In the records below, please retype word for word every line from the one containing "2414 Michigan Ave, Niagara" through the final one, both included, and nothing else.

*** Opening of Exercise input ***

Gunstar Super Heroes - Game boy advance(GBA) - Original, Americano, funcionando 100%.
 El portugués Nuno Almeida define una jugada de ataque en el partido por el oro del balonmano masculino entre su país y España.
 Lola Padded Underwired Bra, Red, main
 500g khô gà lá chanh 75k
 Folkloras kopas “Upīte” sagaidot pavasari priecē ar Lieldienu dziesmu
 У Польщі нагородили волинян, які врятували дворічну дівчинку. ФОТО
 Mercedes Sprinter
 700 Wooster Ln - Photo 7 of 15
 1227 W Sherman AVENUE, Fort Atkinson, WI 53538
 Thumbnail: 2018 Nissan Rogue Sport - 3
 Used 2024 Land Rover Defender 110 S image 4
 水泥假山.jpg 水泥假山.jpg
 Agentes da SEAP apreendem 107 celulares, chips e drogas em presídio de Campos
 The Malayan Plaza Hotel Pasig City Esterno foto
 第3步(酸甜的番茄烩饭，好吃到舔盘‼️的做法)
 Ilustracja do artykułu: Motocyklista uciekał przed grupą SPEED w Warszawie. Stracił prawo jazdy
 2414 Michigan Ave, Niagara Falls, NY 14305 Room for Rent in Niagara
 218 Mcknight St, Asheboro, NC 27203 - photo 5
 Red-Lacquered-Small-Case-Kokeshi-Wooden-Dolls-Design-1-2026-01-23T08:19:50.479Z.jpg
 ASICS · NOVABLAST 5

*** Close of Exercise input ***

Output:
 2414 Michigan Ave, Niagara Falls, NY 14305 Room for Rent in Niagara
 218 Mcknight St, Asheboro, NC 27203 - photo 5
 Red-Lacquered-Small-Case-Kokeshi-Wooden-Dolls-Design-1-2026-01-23T08:19:50.479Z.jpg
 ASICS · NOVABLAST 5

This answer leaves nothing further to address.